For the Platform ASBP Guidelines concerning issues regulated by the Act on the Protection of Personal Information of Japan, the Personal Information Protection Commission (PPC), the supervising agency for the APPI, issued a statement that it would cooperate with the JFTC when it finds facts that can be considered unfair acquisition or use of personal information by a digital platform operator which holds a superior bargaining position. In return, the JFTC issued a statement that it will cooperate with the PPC about abuse of a superior bargaining position between digital platform operators and consumers who provide personal information.

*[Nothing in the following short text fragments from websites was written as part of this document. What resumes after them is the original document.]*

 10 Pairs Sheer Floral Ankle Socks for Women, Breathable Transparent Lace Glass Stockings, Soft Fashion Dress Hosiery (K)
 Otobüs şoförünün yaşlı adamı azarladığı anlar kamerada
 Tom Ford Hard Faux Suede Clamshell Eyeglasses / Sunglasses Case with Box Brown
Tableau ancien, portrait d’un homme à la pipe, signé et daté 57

A total of 310 merger notifications were made in FY 2019. The JFTC cleared 300 cases without a Phase II review and, of those, the 30-day waiting period, during which the notified transaction cannot be closed, was shortened in 217 cases. Of the 310 cases, only one transitioned to a Phase II review.

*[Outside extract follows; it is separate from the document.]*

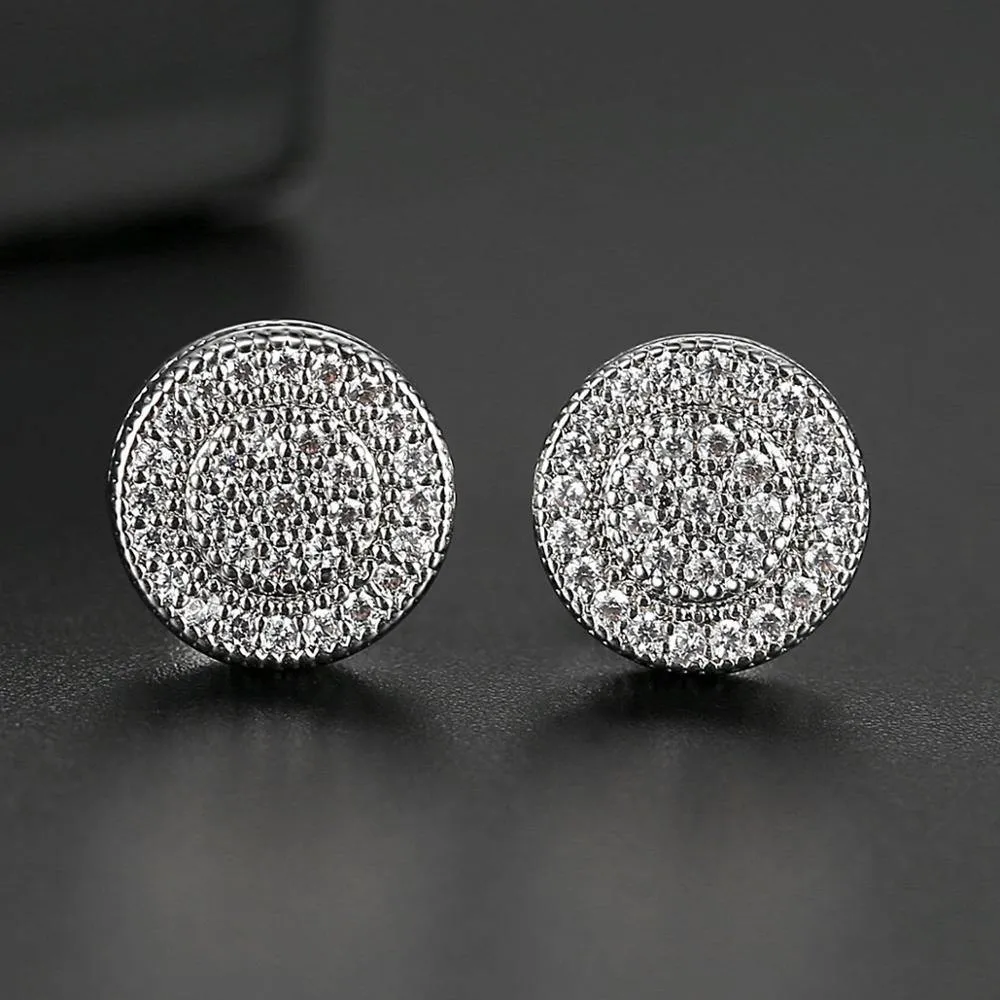 Men's Gold Color Round Stud Earrings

Mergers, business transfers, corporate splits (or demergers), joint share transfers and share acquisitions (including joint ventures) require prior notification under the AMA where they will exceed certain thresholds, even in some cases of foreign-to-foreign mergers between undertakings that have no Japanese subsidiary or branch office in Japan, which may have a significant negative impact on competition in the Japanese market.
The JFTC amended its Guidelines on Application of the Antimonopoly Act Concerning Review of Business Combinations (Business Combination Guidelines) and Policies Concerning Procedures for Review of Business Combinations (Business Combination Procedures Policies) on 17 December 2019 in response to the increasing necessity in recent years to properly deal with business combinations in the digital market.
The amended Business Combinations Guidelines (i) clarify the approach to reviews of business combinations in the digital sector where digital platform operators are involved, based on the characteristics of digital services, (ii) clarify the approach to cases involving acquisition of a start-up company that is still small in scale but has important assets for competition purposes such as data and intellectual property rights and (iii) describe in detail the way to analyse competition in vertical and conglomerate business combinations, based on recent reviews of business combinations.
The amended Business Combination Procedures Policies clearly state that a business combination review will be conducted when the total amount of consideration for the acquisition is large and the business combination plan is expected to affect domestic consumers even if it does not require prior notification under the AMA, and that it is recommended that companies planning such a business combination consult with the JFTC. It is also clarified that the JFTC may request such companies to submit internal documents (eg, materials and minutes used at board of directors’ meetings) to confirm the purpose, etc, of the business combination.